Прежде чем я решил, что делать: выполнять свою задачу, оставаясь в обороне, — ведь немецкие танки с минуты на минуту могли возобновить атаку — или спасать командира, все моряки уже снялись с обороны, одиночками и группами бежали к церкви. «Не успеют!» — подумал я и больше уже не колебался.
Через несколько минут мы были у церкви с десантом моряков. Наша помощь оказалась лишней. Немцы, прорвавшиеся к центру села, были перебиты Жариковым, который первый подоспел сюда со своим прежним взводом.
На колокольне церкви уже сидели корректировщики тяжелых батарей береговой обороны, а по улице, в сторону западной окраины села, шли колонны ополченцев Пересыпи.
Через полчаса за селом на высотах у противника поднялись вихри земли. Бегавшие под пулями моряки недоумевающе остановились и потом радостно захохотали, увидев второй вихрь взрывов.
Залпы следовали через каждые пять минут. Не оставалось сомнений, что береговые батареи Чебанки повернули свои орудия с моря в степь.
После боя Осипов вызвал командиров рот и меня в штаб. Когда он велел Жарикову выйти на середину комнаты, я подумал, что сейчас объявит ему благодарность. Но он молча долго смотрел на него каким-то странным, тоскливым взглядом. Потом шагнул к нему и тоже молча снял с его шеи автомат.
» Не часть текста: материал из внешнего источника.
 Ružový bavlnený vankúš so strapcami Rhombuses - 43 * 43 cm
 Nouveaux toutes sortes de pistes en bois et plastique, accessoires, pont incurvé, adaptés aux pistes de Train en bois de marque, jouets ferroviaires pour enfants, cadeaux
Отвернувшись от Жарикова, Яков Иванович заговорил, как обычно, негромко, но от того, что он говорил, опустив голову, у меня с первого же его слова замерло сердце.
— Для победы нужна железная дисциплина. Герой тот, кто, рискуя жизнью, выполняет приказ командира. А лейтенант Жариков в ответственный момент бросил свой пульвзвод и побежал в контратаку с чужим взводом. Это чуть не стоило потери всей нашей обороны. Чтобы положить конец всякому самовольству, приговариваю лейтенанта Жарикова к расстрелу. Приговор привожу в исполнение сам.
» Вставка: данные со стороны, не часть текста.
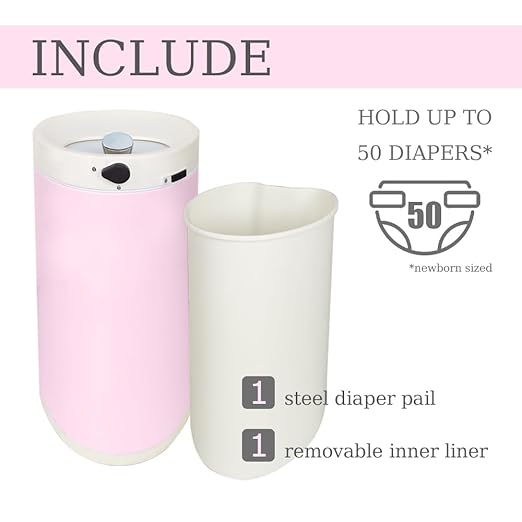 Diaper Pail Diaper Pail Odor Locking with Childproof Lock Stainless Steel Garbage Pail with lid 15 Liter/ 4 Gallon Baby Diaper Trash Can with Removal Inner Liner Pink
Он говорил без всякого выражения, как бы читая. Чуть подняв голову, обвел нас всех взглядом и сказал:
— Я думаю, что все вы будете согласны со мной в понятии долга защитника родины и обязанности командира, — и, повернувшись к Жарикову, продолжал, постепенно повышая голос:
— Но, учитывая, что лейтенант Жариков спас своего командира, штаб и медпункт полка, приговор отменяю и ограничиваюсь административным взысканием отстраняю от командования до особого распоряжения. Вот все. Жариков, вы свободны, сдайте взвод…
Жариков не двигался, стоял по команде «смирно». Я подошел к нему, взял его за руку и вывел во двор.
Никогда с таким наслаждением, с такой жадностью не вдыхал я свежий воздух, как в этот раз. Мы стояли с Жариковым молча. Он все вытирал рукой испарину, выступившую на лбу.
«Имел ли Яков Иванович право сам выносить приговор?» — спрашиваю я себя и отвечаю: «Нет, не имел». Но вот я ставлю вопрос иначе: «Правильно ли он поступил с Жариковым в интересах дела?» — и так же твердо отвечаю: «Да, правильно». Меня мучит это противоречие. Как же так: если не имел права, значит, неправильно поступил, а если правильно, значит, право на его стороне. Может быть, он не хотел отдавать Жарикова под суд, но считал необходимым так наказать его, чтобы тот почувствовал всю тяжесть своего проступка. Но я не знаю, заранее ли он обдумал все это или, когда объявил свой приговор, то всерьез намерен был привести его в исполнение и только в последнюю минуту изменил свое решение. И почему изменил: потому ли что спохватился, подумал о том, что не имеет права, или потому, что не решился — рука не поднялась расстрелять человека, который только что спас ему жизнь?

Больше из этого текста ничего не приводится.